Absolutely! This recipe is versatile, so feel free to add in bell peppers, spinach, or any other vegetables you have on hand.
Ready, Set, Cook
Now that you have everything you need to make this delicious Chickpeas in Tomato Sauce, it’s time to get cooking! Gather your ingredients, follow the simple steps, and enjoy a wholesome meal that is sure to please. With its robust flavors and satisfying texture, this dish is not just a meal; it’s a celebration of the humble chickpea.

Chickpeas in Tomato Sauce
Ingredients
Equipment
Method
- In a large skillet, heat the olive oil over medium heat. Once hot, add the chopped onion and sauté until translucent, about 3-4 minutes. Stir in the minced garlic and cook for an additional minute until fragrant.
- Next, add the shredded zucchini and carrots to the skillet. Cook for 5-7 minutes, stirring occasionally, until the vegetables begin to soften.
- Sprinkle in the dried oregano, dried parsley, and crushed red pepper. Stir to coat the vegetables evenly with the spices, allowing them to toast slightly for about a minute.

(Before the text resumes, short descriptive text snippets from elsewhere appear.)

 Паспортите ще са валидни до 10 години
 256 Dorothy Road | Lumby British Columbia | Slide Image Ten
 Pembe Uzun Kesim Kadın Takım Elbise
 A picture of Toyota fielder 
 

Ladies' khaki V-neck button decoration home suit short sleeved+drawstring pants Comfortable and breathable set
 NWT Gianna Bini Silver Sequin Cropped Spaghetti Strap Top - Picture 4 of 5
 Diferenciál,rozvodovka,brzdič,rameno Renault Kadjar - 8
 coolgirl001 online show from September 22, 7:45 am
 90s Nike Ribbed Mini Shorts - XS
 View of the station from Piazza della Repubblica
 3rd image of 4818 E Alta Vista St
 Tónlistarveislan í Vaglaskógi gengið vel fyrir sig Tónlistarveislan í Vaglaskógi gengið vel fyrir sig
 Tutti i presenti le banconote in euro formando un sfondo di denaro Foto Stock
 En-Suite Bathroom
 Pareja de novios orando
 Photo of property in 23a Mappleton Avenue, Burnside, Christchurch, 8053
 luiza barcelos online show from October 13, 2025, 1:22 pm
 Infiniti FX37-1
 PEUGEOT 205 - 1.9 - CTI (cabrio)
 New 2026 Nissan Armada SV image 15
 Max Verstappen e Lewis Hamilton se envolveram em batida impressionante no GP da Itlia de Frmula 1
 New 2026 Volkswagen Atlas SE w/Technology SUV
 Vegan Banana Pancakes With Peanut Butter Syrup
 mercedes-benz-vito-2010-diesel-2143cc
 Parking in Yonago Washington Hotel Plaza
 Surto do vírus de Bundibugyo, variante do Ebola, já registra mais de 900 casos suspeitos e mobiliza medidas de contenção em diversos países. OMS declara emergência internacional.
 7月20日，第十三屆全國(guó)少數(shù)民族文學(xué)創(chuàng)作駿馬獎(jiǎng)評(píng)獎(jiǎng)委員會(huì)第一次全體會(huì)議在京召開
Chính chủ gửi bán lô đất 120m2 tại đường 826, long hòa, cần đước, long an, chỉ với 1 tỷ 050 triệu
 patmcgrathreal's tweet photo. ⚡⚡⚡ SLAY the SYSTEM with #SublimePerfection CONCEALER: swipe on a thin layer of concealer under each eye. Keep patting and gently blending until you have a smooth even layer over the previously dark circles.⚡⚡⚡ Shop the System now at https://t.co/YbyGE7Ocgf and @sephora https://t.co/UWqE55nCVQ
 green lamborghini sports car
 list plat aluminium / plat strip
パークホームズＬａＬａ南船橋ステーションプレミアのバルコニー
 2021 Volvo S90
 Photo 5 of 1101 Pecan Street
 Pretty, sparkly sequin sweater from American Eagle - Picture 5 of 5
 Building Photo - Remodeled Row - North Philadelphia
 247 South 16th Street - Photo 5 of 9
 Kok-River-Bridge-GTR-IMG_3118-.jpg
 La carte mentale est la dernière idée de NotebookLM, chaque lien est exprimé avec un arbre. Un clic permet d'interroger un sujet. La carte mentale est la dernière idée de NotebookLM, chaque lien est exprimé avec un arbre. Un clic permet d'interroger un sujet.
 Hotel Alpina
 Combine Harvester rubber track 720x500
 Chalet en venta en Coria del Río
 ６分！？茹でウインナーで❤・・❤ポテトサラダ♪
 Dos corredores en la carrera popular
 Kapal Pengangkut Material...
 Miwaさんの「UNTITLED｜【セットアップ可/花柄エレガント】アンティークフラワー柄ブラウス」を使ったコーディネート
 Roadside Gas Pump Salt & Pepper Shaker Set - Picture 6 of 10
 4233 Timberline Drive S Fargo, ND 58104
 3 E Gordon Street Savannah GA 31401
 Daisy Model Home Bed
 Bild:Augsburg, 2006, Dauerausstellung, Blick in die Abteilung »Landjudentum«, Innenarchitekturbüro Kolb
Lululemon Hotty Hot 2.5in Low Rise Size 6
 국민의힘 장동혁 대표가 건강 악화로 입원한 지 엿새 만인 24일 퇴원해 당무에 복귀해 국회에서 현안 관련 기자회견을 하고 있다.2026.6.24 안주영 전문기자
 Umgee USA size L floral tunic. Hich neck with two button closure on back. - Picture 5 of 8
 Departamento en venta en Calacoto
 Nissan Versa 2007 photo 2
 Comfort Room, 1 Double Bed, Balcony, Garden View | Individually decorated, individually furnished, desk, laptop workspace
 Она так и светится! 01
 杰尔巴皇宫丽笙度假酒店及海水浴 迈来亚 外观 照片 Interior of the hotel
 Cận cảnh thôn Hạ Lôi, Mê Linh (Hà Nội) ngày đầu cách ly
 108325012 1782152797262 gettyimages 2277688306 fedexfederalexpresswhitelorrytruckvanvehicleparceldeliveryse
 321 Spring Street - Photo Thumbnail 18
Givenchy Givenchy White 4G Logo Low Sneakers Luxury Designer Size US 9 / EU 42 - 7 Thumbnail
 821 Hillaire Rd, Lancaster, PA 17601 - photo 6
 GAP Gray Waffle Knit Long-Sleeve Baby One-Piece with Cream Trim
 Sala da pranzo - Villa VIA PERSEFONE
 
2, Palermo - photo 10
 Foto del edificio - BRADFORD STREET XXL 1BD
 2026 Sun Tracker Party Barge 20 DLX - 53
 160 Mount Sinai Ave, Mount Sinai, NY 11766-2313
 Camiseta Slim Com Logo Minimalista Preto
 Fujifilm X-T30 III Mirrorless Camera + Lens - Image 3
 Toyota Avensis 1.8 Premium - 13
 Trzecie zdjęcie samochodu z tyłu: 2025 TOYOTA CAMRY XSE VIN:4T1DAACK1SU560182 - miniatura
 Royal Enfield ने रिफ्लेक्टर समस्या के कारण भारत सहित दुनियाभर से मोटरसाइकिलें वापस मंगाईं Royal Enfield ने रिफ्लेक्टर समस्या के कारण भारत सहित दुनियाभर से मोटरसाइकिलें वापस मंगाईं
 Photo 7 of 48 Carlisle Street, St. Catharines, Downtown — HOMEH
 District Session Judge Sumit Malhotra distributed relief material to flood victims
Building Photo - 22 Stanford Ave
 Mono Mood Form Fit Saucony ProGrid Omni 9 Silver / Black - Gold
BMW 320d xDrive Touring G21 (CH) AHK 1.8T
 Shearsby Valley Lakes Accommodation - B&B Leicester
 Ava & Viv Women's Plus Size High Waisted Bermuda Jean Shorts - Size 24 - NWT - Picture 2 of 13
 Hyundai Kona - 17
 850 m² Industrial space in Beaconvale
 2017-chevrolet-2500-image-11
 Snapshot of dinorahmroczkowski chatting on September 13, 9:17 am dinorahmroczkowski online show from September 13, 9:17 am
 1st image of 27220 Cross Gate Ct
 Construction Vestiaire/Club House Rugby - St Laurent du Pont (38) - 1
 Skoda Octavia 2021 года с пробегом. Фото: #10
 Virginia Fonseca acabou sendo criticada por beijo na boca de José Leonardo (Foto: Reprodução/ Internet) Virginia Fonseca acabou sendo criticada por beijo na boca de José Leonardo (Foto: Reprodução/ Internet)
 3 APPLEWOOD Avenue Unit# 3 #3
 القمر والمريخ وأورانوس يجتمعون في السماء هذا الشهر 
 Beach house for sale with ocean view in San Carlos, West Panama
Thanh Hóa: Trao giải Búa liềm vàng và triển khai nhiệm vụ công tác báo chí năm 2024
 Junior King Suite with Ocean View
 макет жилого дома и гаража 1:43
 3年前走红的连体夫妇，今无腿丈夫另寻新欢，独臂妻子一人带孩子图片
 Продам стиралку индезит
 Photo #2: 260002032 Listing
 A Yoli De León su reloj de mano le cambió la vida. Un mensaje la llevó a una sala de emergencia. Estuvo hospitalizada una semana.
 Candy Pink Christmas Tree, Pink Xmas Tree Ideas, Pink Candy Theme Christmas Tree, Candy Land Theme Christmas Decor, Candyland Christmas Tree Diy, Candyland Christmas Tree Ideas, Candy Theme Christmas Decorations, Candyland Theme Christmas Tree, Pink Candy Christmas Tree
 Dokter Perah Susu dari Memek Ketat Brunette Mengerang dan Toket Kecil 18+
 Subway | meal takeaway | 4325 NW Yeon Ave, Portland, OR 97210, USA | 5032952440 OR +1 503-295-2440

- Pour in the balsamic vinegar, scraping up any browned bits from the bottom of the skillet. Let it simmer for a minute to reduce slightly.
- Stir in the crushed tomatoes and chickpeas (make sure to rinse and drain them first). Season with salt and pepper to taste. Bring the mixture to a gentle simmer.
- Allow the sauce to simmer for about 15-20 minutes, stirring occasionally, until it thickens slightly. Serve hot over your choice of pasta or polenta.
Notes
- For extra flavor, try adding fresh herbs like basil or thyme.
- This dish can be made ahead and stored in the fridge for up to 4 days.
- To freeze, allow to cool completely before storing in airtight containers.